En 1995, los ciudadanos de Quebec votaron en contra de independizarse de Canadá en un referéndum sobre ese punto convocado previo acuerdo entre el Gobierno federal y el regional. La provincia canadiense tenía y tiene rasgos similares a los de Cataluña, un idioma propio, una participación en el PIB de la economía nacional del orden del 20%, una población algo mayor que la del Principado y un potente movimiento separatista, motor de la secesión. Los independentistas perdieron por un estrecho margen la consulta pero ésta tuvo un impacto negativo sobre la región de mayoría francófona del que no ha logrado recuperarse. Durante los últimos dieciocho años, el crecimiento de la economía, del PIB per cápita y del empleo han sido inferiores a su evolución en el resto del Canadá.

De entrada, el anuncio de la convocatoria del referéndum se tradujo en una rápida salida de personas, de capitales y de empresas desde Quebec hacia otras zonas del territorio canadiense, en especial, hacia Ontario. Como dato relevante cabe señalar que, en 1995, año de la consulta, la inversión en la provincia cayó un 12% respecto a la registrada en 1994. La dinámica de deslocalización de factores de producción no se invirtió después de la derrota de los independentistas entre otras cosas porque, a pesar de haber perdido el plebiscito, han mantenido, lo que ha generado una permanente incertidumbre sobre la evolución futura de la Provincia y ha debilitado su atractivo para la ubicación en su territorio geográfico de actividades productivas.
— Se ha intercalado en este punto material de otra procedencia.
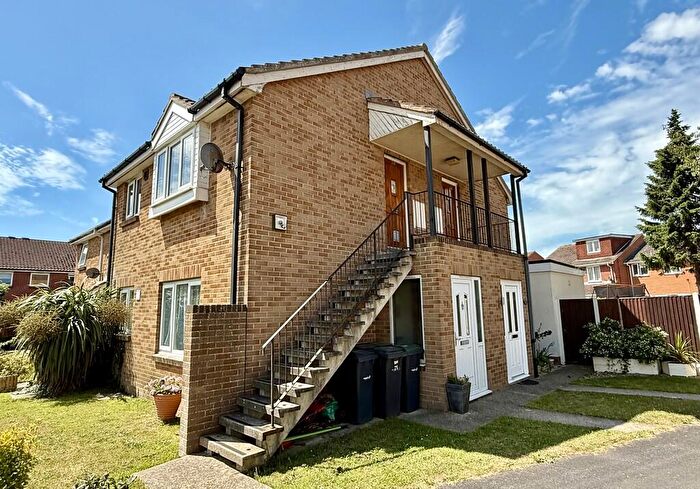 1 Bedroom Apartment For Sale In Osprey Gardens, Lee-on-the-Solent, PO13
Por otra parte, la política lingüística desplegada por el partido nacionalista quebequés ha tenido consecuencias económicas no buscadas ni deseadas. En concreto, Quebec muestra una creciente incapacidad para atraer capital humano de alta calidad-productividad ante la barrera idiomática que supone el uso del francés. Esta restricción fáctica a la inmigración se traduce también en un estancamiento de la población en la provincia francófona, lo que constituye un elemento adicional de freno a su desarrollo. En otras palabras, la lengua se ha convertido en un lastre para impulsar un aumento del PIB potencial basado bien en el incremento de la productividad bien en la acumulación de factor trabajo bien en una combinación equilibrada de ambas variables.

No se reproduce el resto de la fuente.